▶ **Input records**:
BEGIN

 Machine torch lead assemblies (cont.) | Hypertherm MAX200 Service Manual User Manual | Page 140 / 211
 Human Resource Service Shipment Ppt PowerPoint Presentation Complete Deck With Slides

END
BEGIN

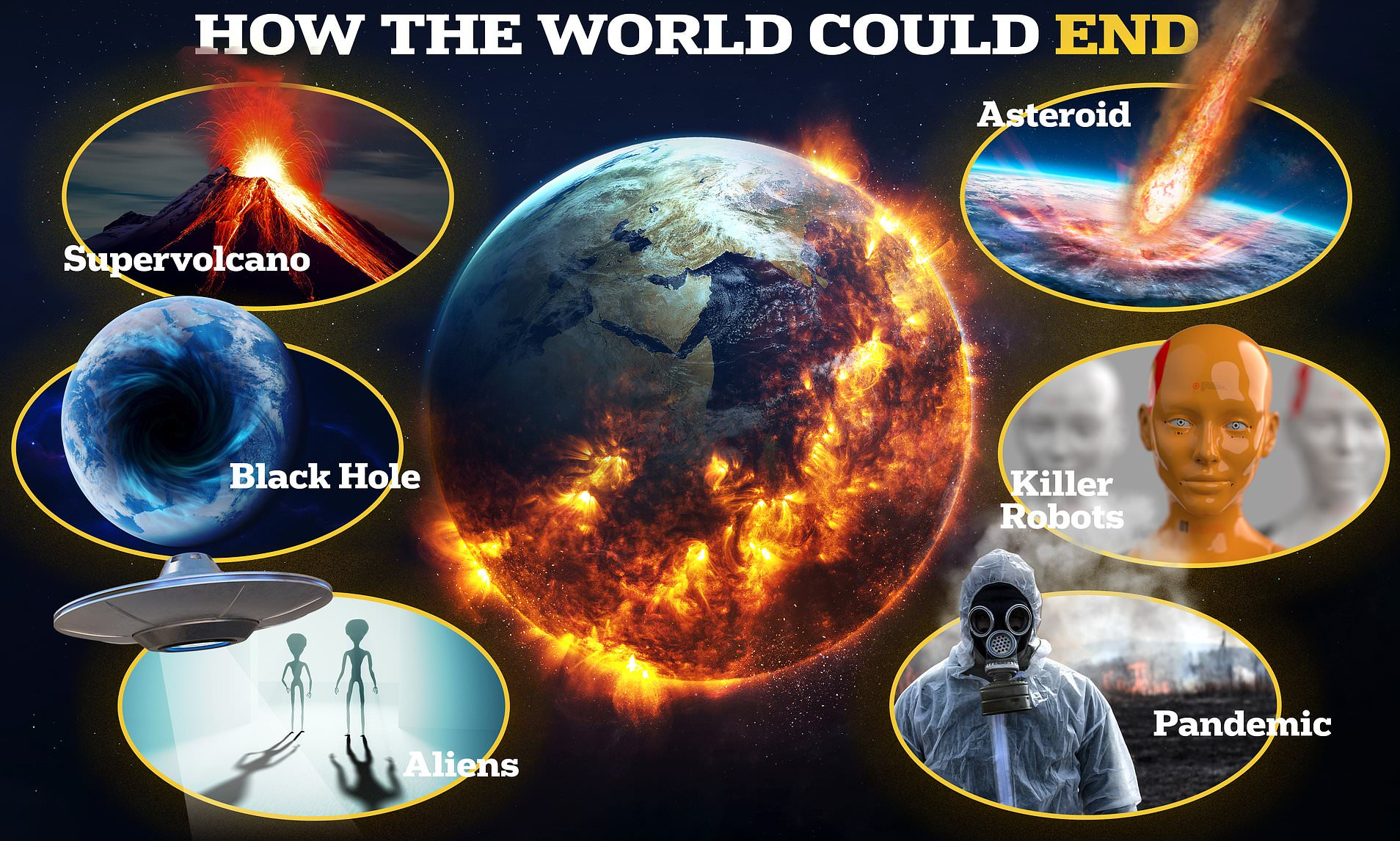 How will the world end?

END

▶ **Activity**: Before answering, count every line of the data that holds the word "Service"; the reply is that number only.

▶ **Solution**: 2